À quand la fin des publicités vulgaires ?

Depuis quelques années, de nombreuses marques usent et abusent d’une tendance publicitaire traditionnelle mais pourtant toujours aussi délicate à manipuler : l’allusion à la sexualité. Alors que certaines agences font des publicités qui tombent dans le vulgaire sans passer par la case départ, d’autres produisent tout un univers en exploitant notamment les codes graphiques des sites à caractère pornographique, pour créer du contenu et faire le buzz.

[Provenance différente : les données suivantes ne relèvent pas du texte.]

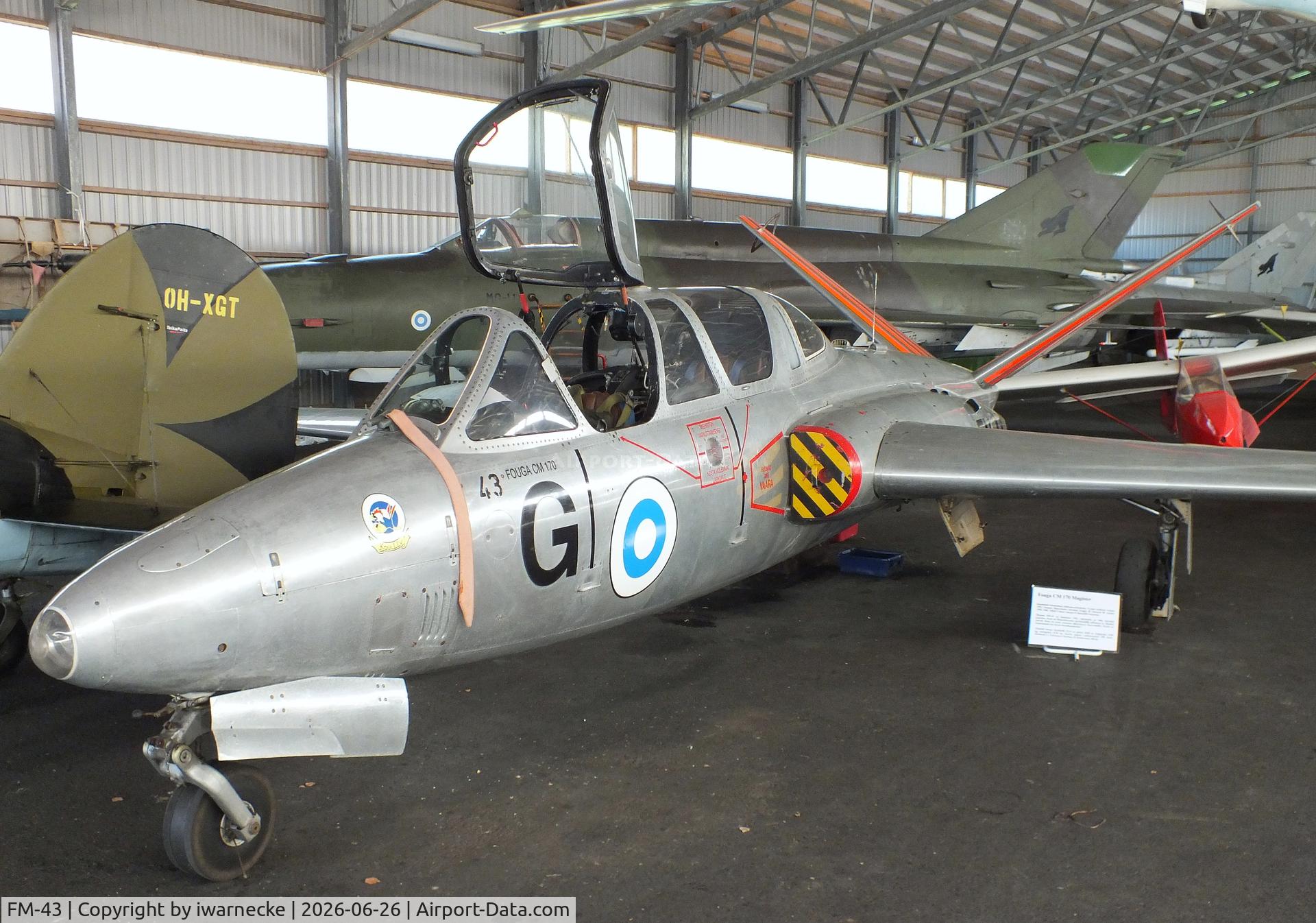 Aircraft FM-43, Fouga (Valmet) CM-170R Magister, c/n FM-43, Fouga (Valmet) CM.170R Magister at the Karhulan ilmailukerhon lentomuseo (Karhula Aero Club Flying Museum), Kymi airfield, Kotka, photo by iwarnecke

Or, rares sont les publicités qui sortent gagnantes de cette “stratégie”. Elles font beaucoup parler d’elles, sont très souvent critiquées car dérangeantes et peu pertinentes, lumière sur le flop général décerné aux publicités de mauvais goût.
Non non n’insistez pas, les jeux de mots ça ne marche plus
Au delà des nombreuses plaintes d’associations luttant contre le sexisme ou l’utilisation de la femme comme objet de marketing, il est intéressant de se pencher sur les publicités qui continuent de croire que faire allusion au sexe va nous faire acheter un billet d’avion ou une cannette de soda. Certes, les spots réussissent à capter notre attention pendant les 30 secondes de leur première diffusion, mais qu’en est-il de leur efficacité ?
J’aimerais commencer par parler du 4×3 qui attaque ma rétine chaque matin depuis un an sur le quai de la ligne 4, en d’autres termes la campagne pour le comparateur de vols en ligne Liligo. Incontestablement plus cheap que le vichy de mon cabas Tati, cette publicité donne envie de se jeter sur les rails du métro plutôt que de se rendre sur ce site.

Mettant en scène des personnes dont l’apparence laisse paraître leur sérieux, la marque tente de nous faire esquisser un sourire en s’appuyant sur le jeu de mot “s’envoyer en l’air”. Une idée brillante et originale en somme. Cessons l’ironie, et notons simplement la vulgarité et la lourdeur de cette annonce.
Vous en voulez encore ? Vous voilà servis ! Ouiz, une nouvelle marque d’aromatiseur d’eau, a dernièrement sorti un spot faisant lui aussi allusion au sexe, via un jeu de mot ne volant pas plus haut que celui de Liligo, soit l’utilisation ambiguë du mot “chatte”. Epoustouflant, n’est-ce-pas ?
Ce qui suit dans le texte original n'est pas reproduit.